The byword for ameliorating inconsistencies in the downstream sector is therefore ‘integration,’ explains a petroleum expert who prefers not to be quoted by name. Oil majors like BP and Chevron and national oil companies (NOCs) like Saudi Aramco and Malaysian Petronas are fully integrated, upstream, midstream and downstream, enjoying their own refining and petrochemicals, sales departments, subsidiaries and investments. The very nature of downstream is then changing as a consequence of the integration, the expert adds.
Egypt needs to develop its downstream sector more than ever before given the mounting fuel import bills and the severe strain it places on the whole economy by depleting the hard currency reserves.

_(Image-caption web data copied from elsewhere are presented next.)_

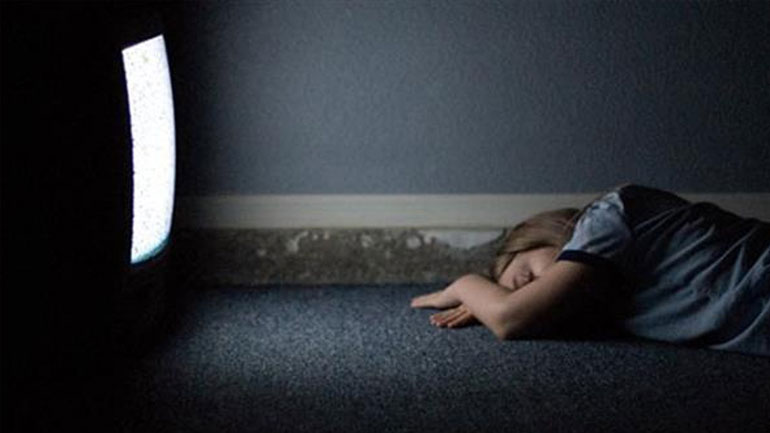 Κλείστε την τηλεόραση για να κοιμάται καλύτερα το παιδί σας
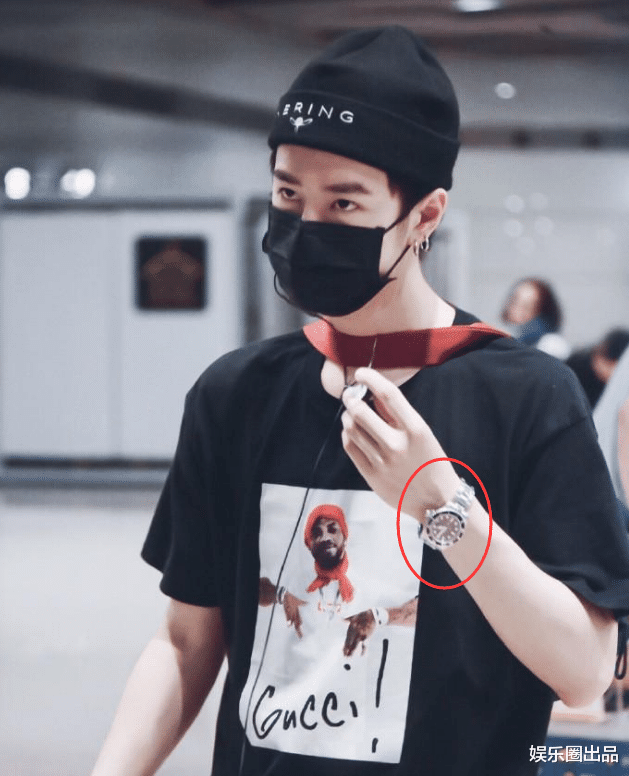 吴孟达|王一博活动现场秀车技,露百万名表引热议,被指低调炫富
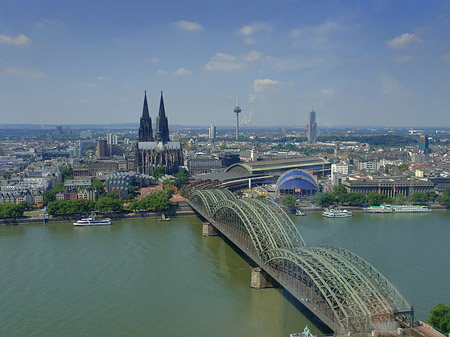 Foto Hohenzollernbrücke und Kölner Dom aus der Ferne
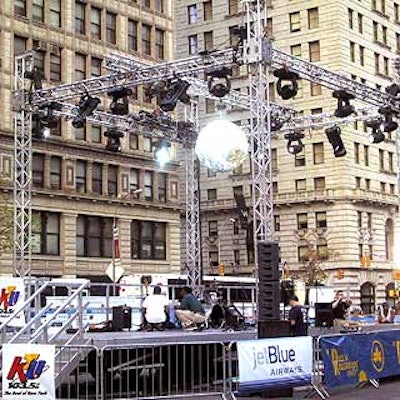 Big Wave International constructed a steel-pipe frame stage on the north side of Union Square Park.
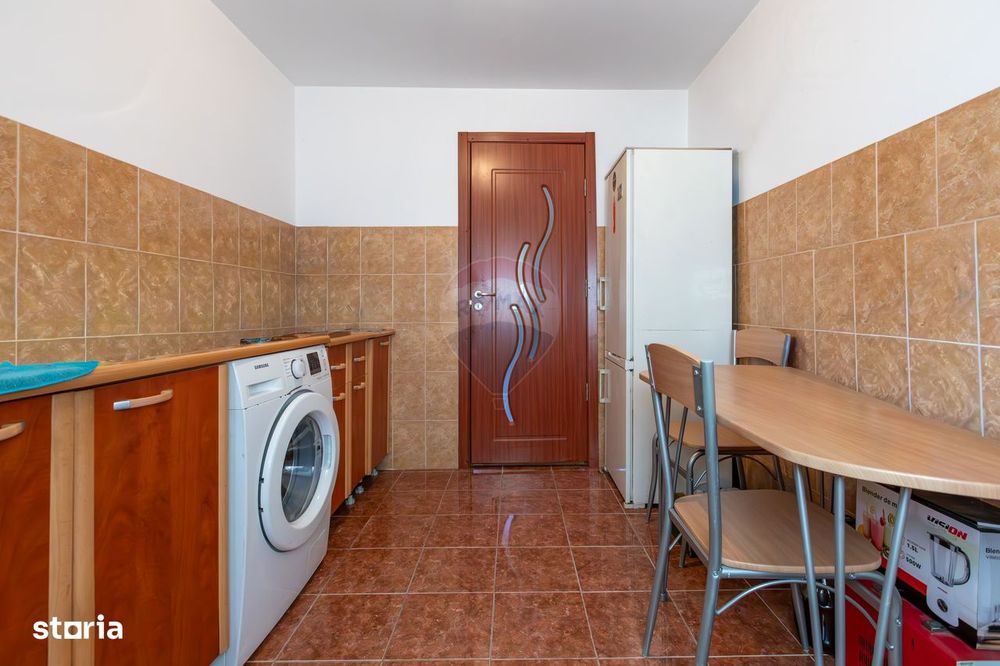 Casă de vânzare Hemeiuș + teren 600 mp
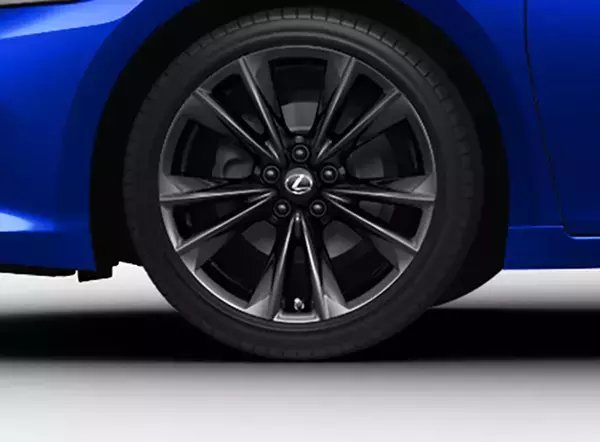 「走りも外観もインテリアも徹底的にこだわった伝統の1台が新型に！　レクサス 新型ESを発売」の画像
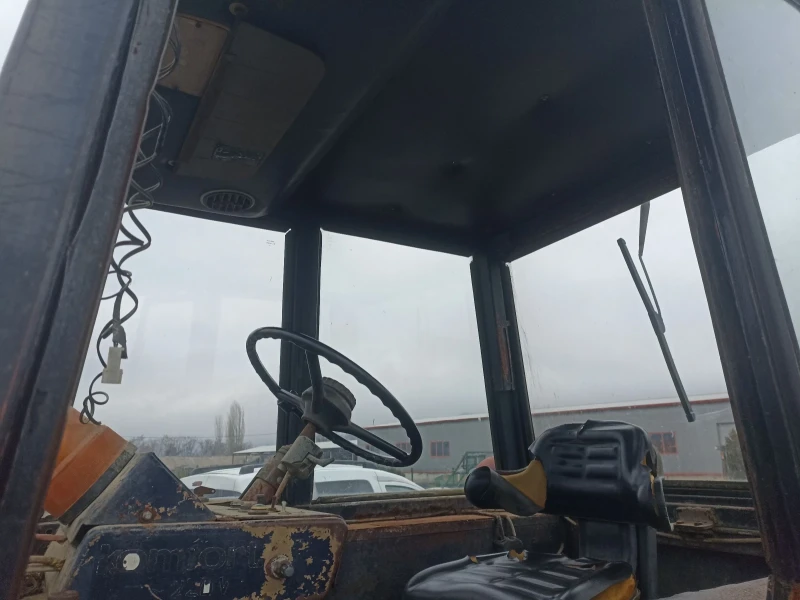 Трактор Болгар ТК-80, снимка 9 - Селскостопанска техника - 53328756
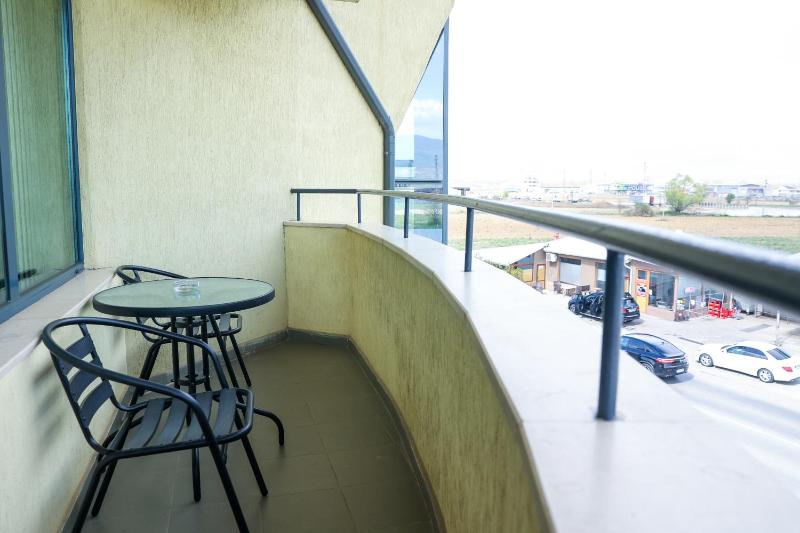 Deluxe Double Room with Balcony image 3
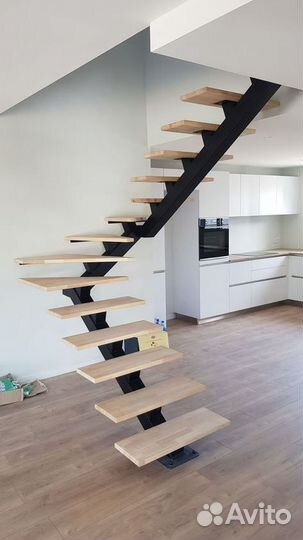 Металлокаркас лестницы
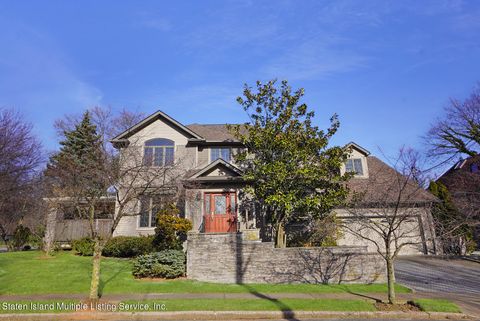 Photo of 5 Lois Place, Staten Island, NY 10301 (MLS # 1161434)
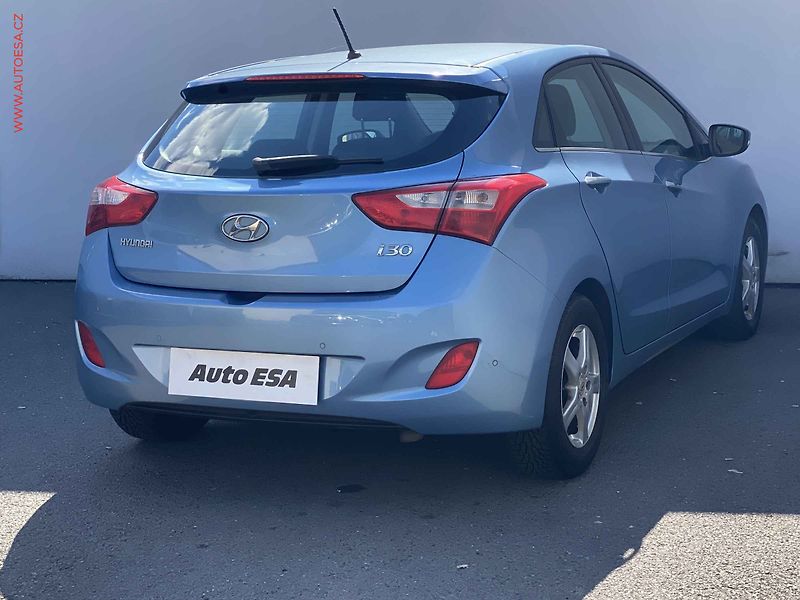 Hyundai i30 (2012) 1.6GDi, ČR, servis.kniha - fotka 4 z 16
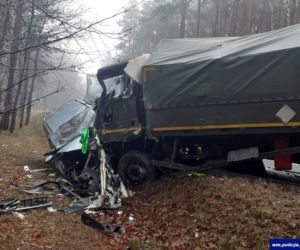 Wypadek na DK16. Jedna osoba zginęła, cztery są ranne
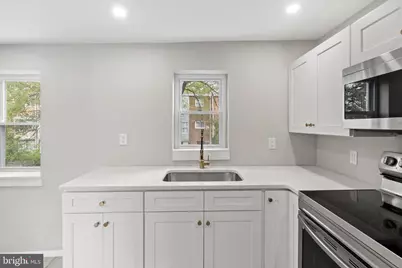 6825 Lindbergh Boulevard, Philadelphia, PA 19142 - Photo 8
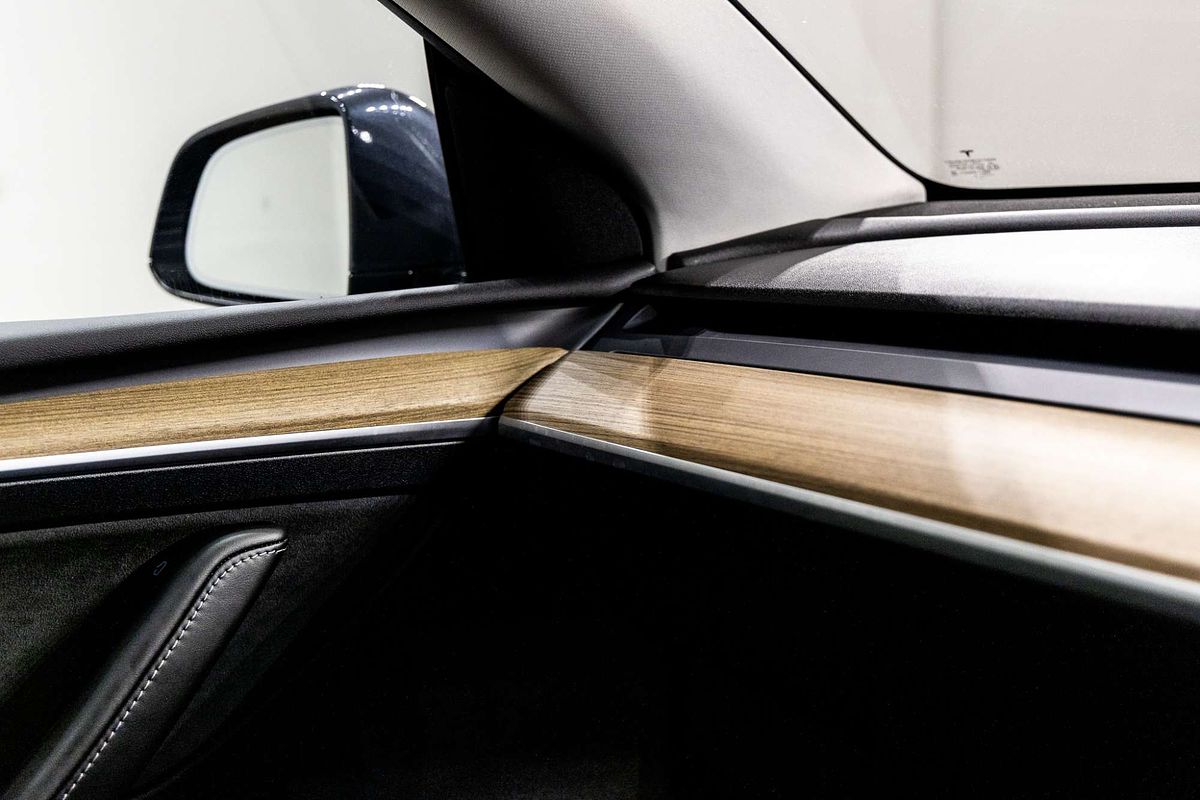 2023 Tesla Model Y Rear-Wheel Drive
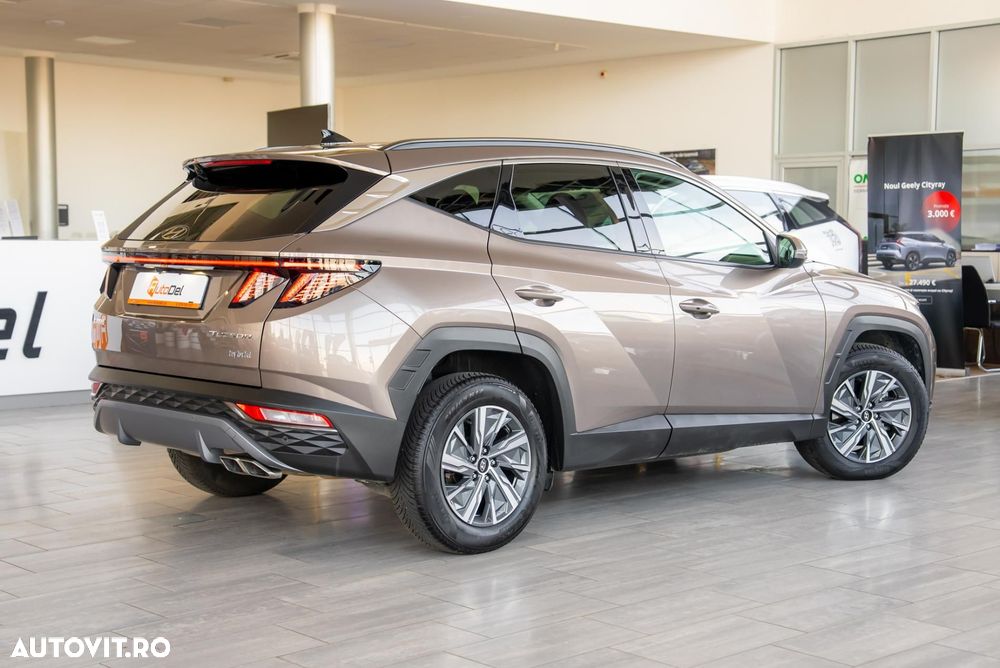 Hyundai Tucson 1.6 T-GDi HEV 2WD Advantage - 11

The issue at hand now is to identify, in detail, the full range of problems afflicting Egypt’s downstream sector in all its stages and look into policy options for resolving them – keeping country and company comparisons in mind.
Currency Feedbacks and Planning Challenges
The current dollar crisis has revealed just how susceptible the petroleum sector is to global currency fluctuations and domestic inflation, if only because international oil companies (IOCs) operating in Egypt insist on being paid in US dollars. When Egypt’s hard currency intake is hit by a shortage of exports due to stalled factories, high volumes of much needed import paid for in foreign currencies and terrorism scaring off tourists then petroleum entities like the Egyptian General Petroleum Holding Company (EGPC), even if operating at optimum capacity, cannot pay back what they owe to foreign operators like BP and ENI.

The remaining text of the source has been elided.